Enola Holmes 2, la recensione
Enola Holmes 2 è decisamente più bello del primo: più divertente, più carico di indizi e di quel gusto da giallo leggero che si orienta su una forte detection.
La recensione di Enola Holmes 2, dal 4 novembre su Netflix
In Enola Holmes 2 il mood è esattamente lo stesso, ma non si tratta di un difetto: è un universo pensato per essere favolistico, leggermente a-storico, ma colorato e intrigante. Per la capacità che ha di creare questo suo mondo-giocattolo coinvolgente, sempre esplorabile e pieno di angoli dove ficcanasare, Enola Holmes 2 è decisamente più bello del primo: più divertente, più carico di indizi e quindi di quel gusto da giallo leggero dove il bello è direttamente proporzionale alla quantità di fili che caratterizzano la detection.
In questo secondo capitolo Bradbeer - ricordiamolo, il regista di Fleabag che dello sguardo in macchina ha fatto il suo elemento iconico - rinuncia quasi del tutto a quello strumento. Enola infatti più che guardare lo spettatore per condividere pensieri e piani ora utilizza la sua voce, usata in Voice over, mentre la sua immaginazione si disegna sullo schermo. Il film prende quindi una svolta meno surreale e infatti si concentra tantissimo sul lavoro di trama, in quello che sembra un grande gioco da tavola audiovisivo dove tutto è sì un po’ troppo facile ma decisamente divertente.
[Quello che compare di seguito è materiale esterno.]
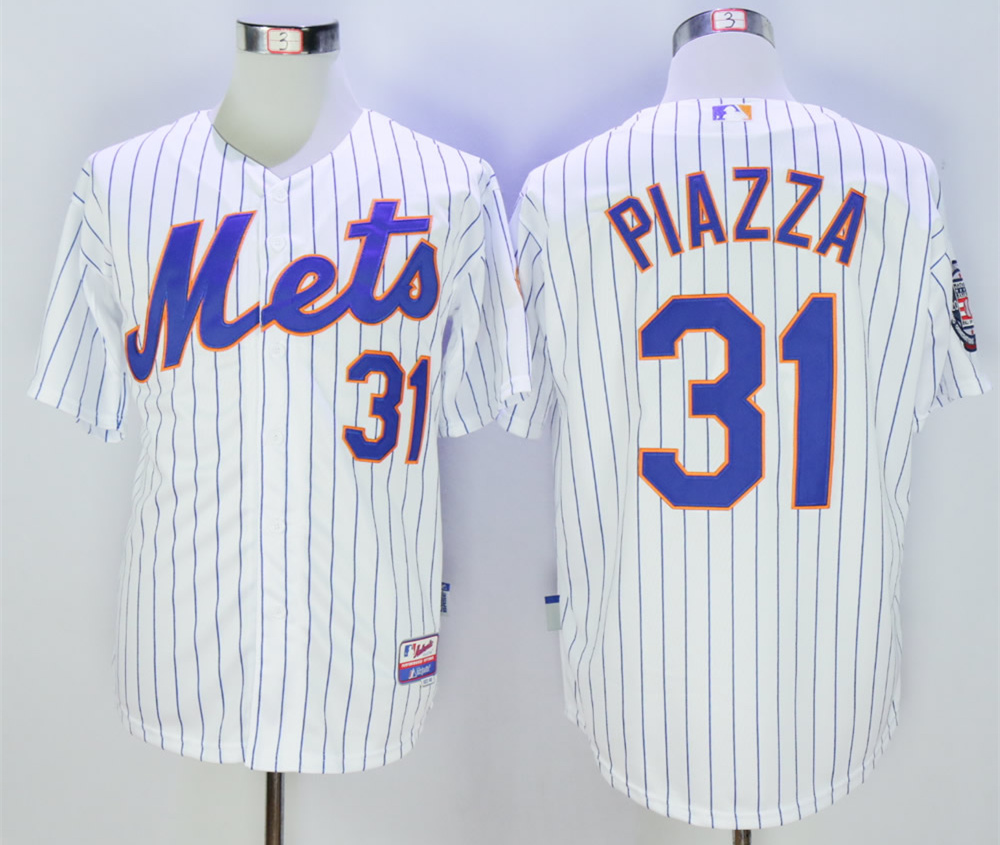 Mets 31 Mike Piazza White 2016 Hall Of Fame Cool Base Jersey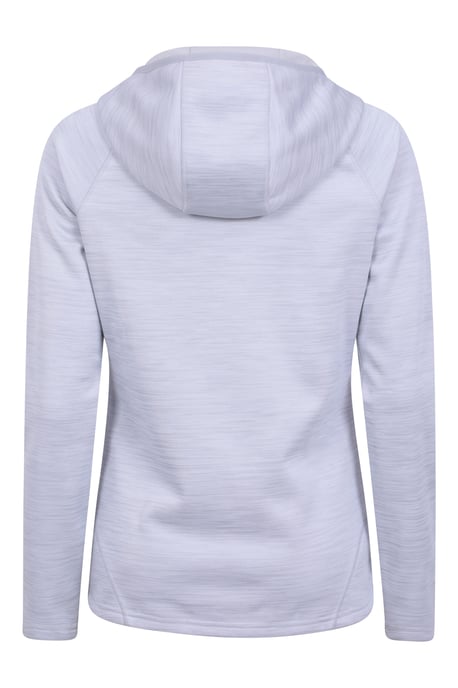 'IsoCool Dynamic Chakra' Women's Hoodie with Chin Guard Cosy Jacket Grey - Image 5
L’operazione, come per il primo film, oltre ad essere revisionista in senso letterario (si rilegge il personaggio di Holmes rendendolo un personaggio secondario, sconvolgendone l’universo) è prima di tutto femminista, un tentativo - possiamo dire ben riuscito - di prendere un’epoca in cui di libertà e autodeterminazione per le donne ce n’era ben poca (usando un personaggio “impossibile” per quegli anni) e tirarne fuori le contraddizioni insieme ai punti critici. Con leggerezza, certamente, ma non con banalità.